==== MATERIAL PROVIDED ====

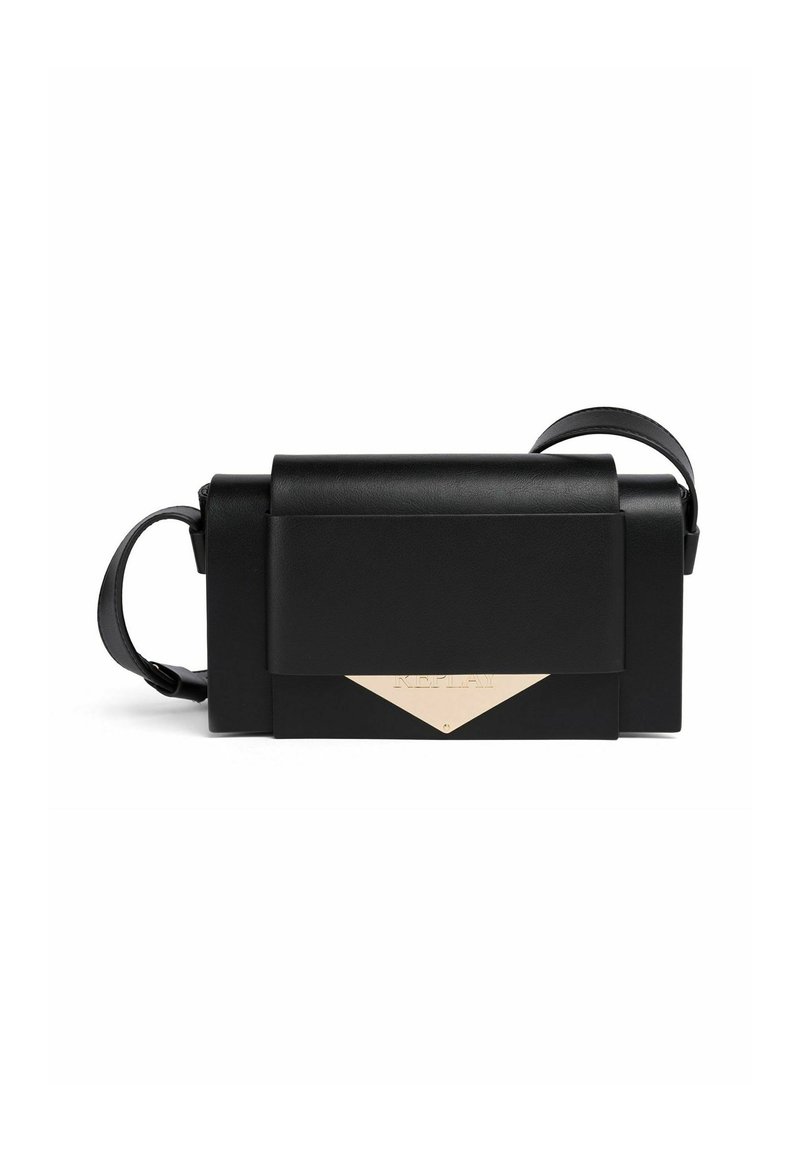 Borsa a mano in pelle nera con una forma strutturata, dotata di una parte superiore pieghevole, tracolla regolabile e un accento in metallo dorato nella parte anteriore.
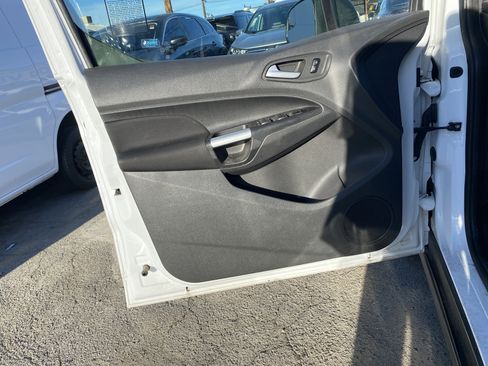 Used 2015 Ford Transit Connect XLT image 14
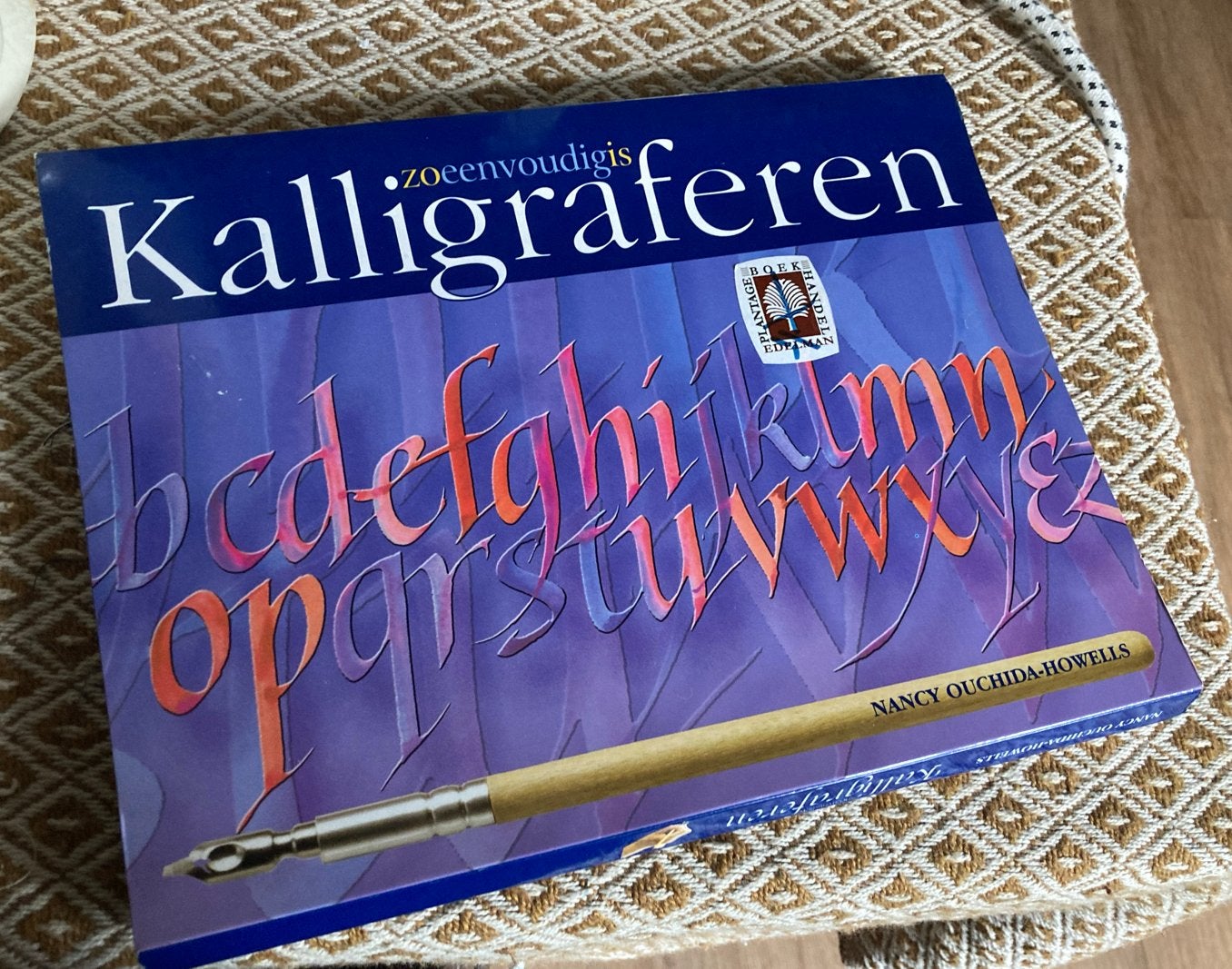 Ringband:Zo eenvoudig is kalligraferen Nancy Ouchida-Howells, Ophalen of Verzenden, Zo goed als nieuw, Overige onderwerpen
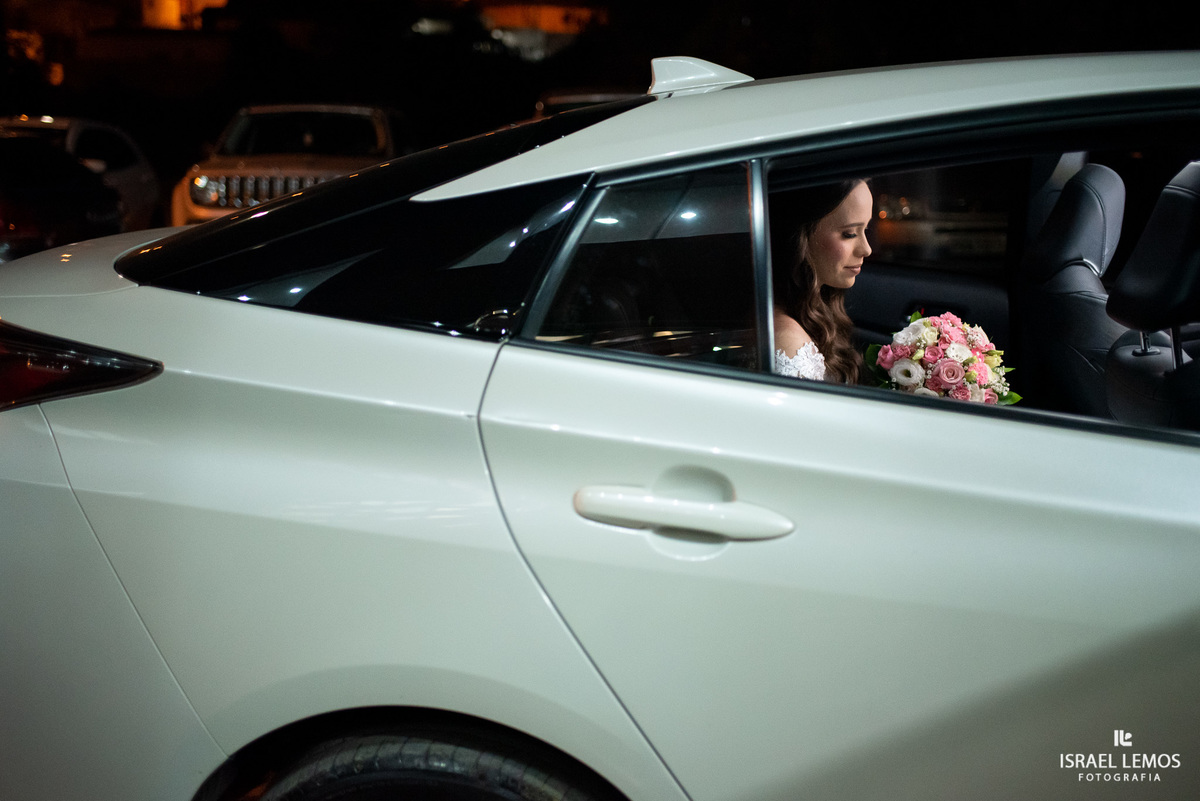 noiva saindo do carro de igaratinga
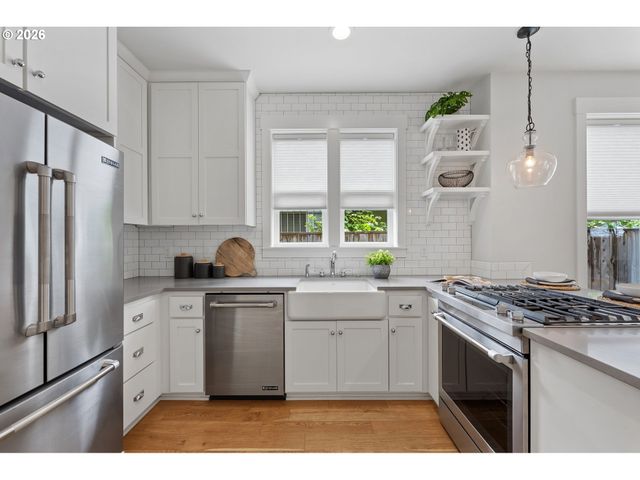 5437 Ne 37TH Ave, Portland, OR 97211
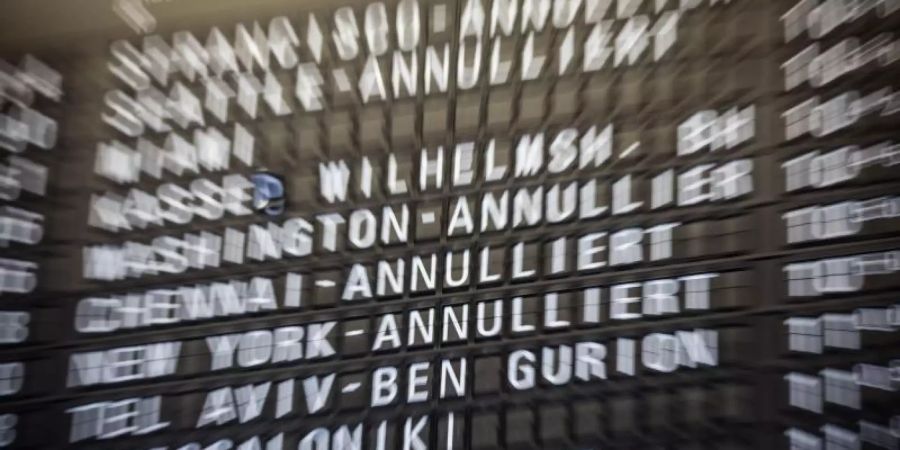 Pauschalreisende dürfen bei grosser Flugverspätung auch am Abflugsort klagen, stellt der Europäische Gerichtshof klar. Foto: Frank Rumpenhorst/dpa-tmn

====

The full set of entries should be transcribed exactly, pictures left aside.

## EXPECTED ANSWER
 Borsa a mano in pelle nera con una forma strutturata, dotata di una parte superiore pieghevole, tracolla regolabile e un accento in metallo dorato nella parte anteriore.
 Used 2015 Ford Transit Connect XLT image 14
 Ringband:Zo eenvoudig is kalligraferen Nancy Ouchida-Howells, Ophalen of Verzenden, Zo goed als nieuw, Overige onderwerpen
 noiva saindo do carro de igaratinga
 5437 Ne 37TH Ave, Portland, OR 97211
 Pauschalreisende dürfen bei grosser Flugverspätung auch am Abflugsort klagen, stellt der Europäische Gerichtshof klar. Foto: Frank Rumpenhorst/dpa-tmn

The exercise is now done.